An in depth look - data processing at 4TU.Centre for Research Data

Conversion

There are three moments at which data may be converted:

Before uploading. In principle, it is the responsibility of the dataset provider to deliver the data in a sustainable format. If data are delivered in a non-sustainable format, they must first be converted.
As an example, the IDRA data collection(1) of weather radar measurements consists of a large set of numerical files stored in NetCDF format. The party supplying this dataset did not, in the first instance, deliver the data in NetCDF, but converted the files at the direction of 4TU.Centre for Research Data.
Researchers' datasets often look like a list of numbers separated by commas. These are invented formats, which are usually converted into NetCDF. Although a simple table might be rendered as a CSV (Comma Separated Value) file, 4TU.Centre for Research Data prefers the NetCDF format even in these cases, because it adds internal metadata by default and has more functionality.

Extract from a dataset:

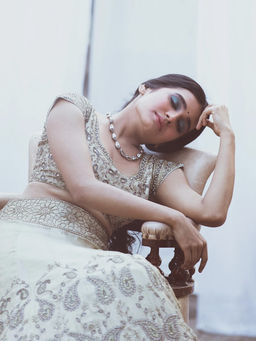 Divas Mantra - 92.5 Silver Oxidised Beads Chain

After uploading. As time passes, certain data formats will become unusable. Once a dataset has been deposited, it is the responsibility of 4TU.Centre for Research Data to make the necessary conversions to guarantee its sustainability.
On the old Darelux(2) dataset, for example, several conversions have been performed since it was uploaded. First, the dataset was converted into a particular XML format. It was subsequently turned into NcML(3) (NetCDF's version of XML), and then converted into NetCDF itself. Finally, the set was moved from 4TU.Centre for Research Data's own server (Fedora) to OPeNDAP. The conversion into XML was performed primarily to facilitate the inclusion of metadata, allowing for the addition of information keeping the set readable and intelligible for future use. The choice to convert the set once more into NetCDF was made because of that format's additional functionality (see the “Data interaction” tab).
In addition, 4TU.Centre for Reserach Data may decide to convert a dataset into a different format on account of storage capacity. The set of helicopter data (4) (aerial images of highways) was delivered in TIFF, a format with a very large file size, and later converted into PNG. Whether a conversion like this is possible or advisable depends on the specific aims of the research in question.

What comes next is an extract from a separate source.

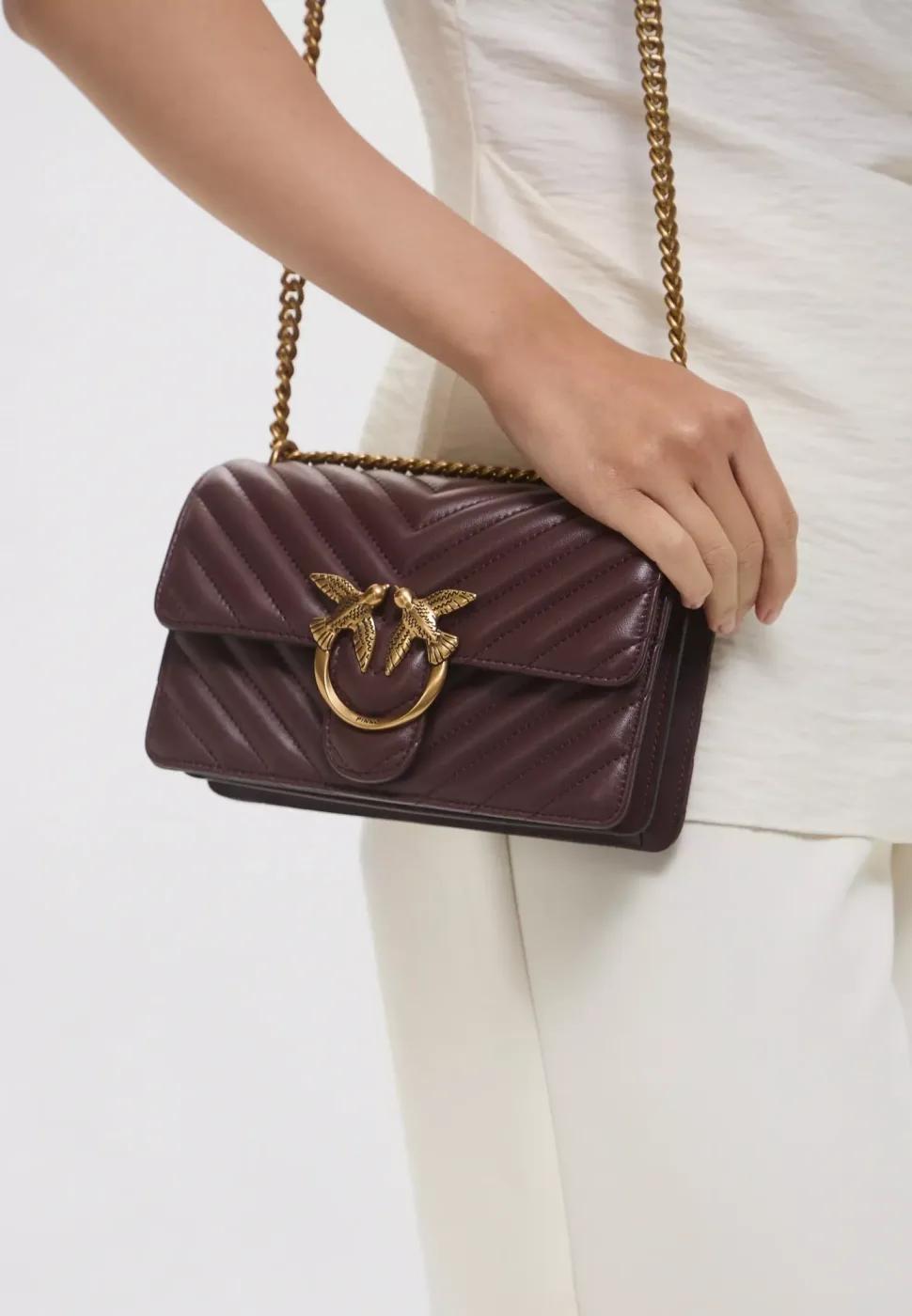 MINI LOVE BAG ONE CHEVRON - bordeaux — фото 3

When downloading. When a user wants to download a dataset (DIP), he may prefer a specific data format. Some datasets are available in several formats: NcML as well as NetCDF, for example. From these, additional formats, such as CDL or CSV, may then potentially be generated. Moreover, data on the OPeNDAP server (virtually all of the NetCDF and HDF5 data) can be approached in several ways, not just as a download. For more information, see the “Data interaction” tab.

Compression

Data compression means reducing the storage space the research data is taking up, or, in other words, representing the same digital information using fewer bits than the original data did. This is useful when storing or transferring large amounts of data.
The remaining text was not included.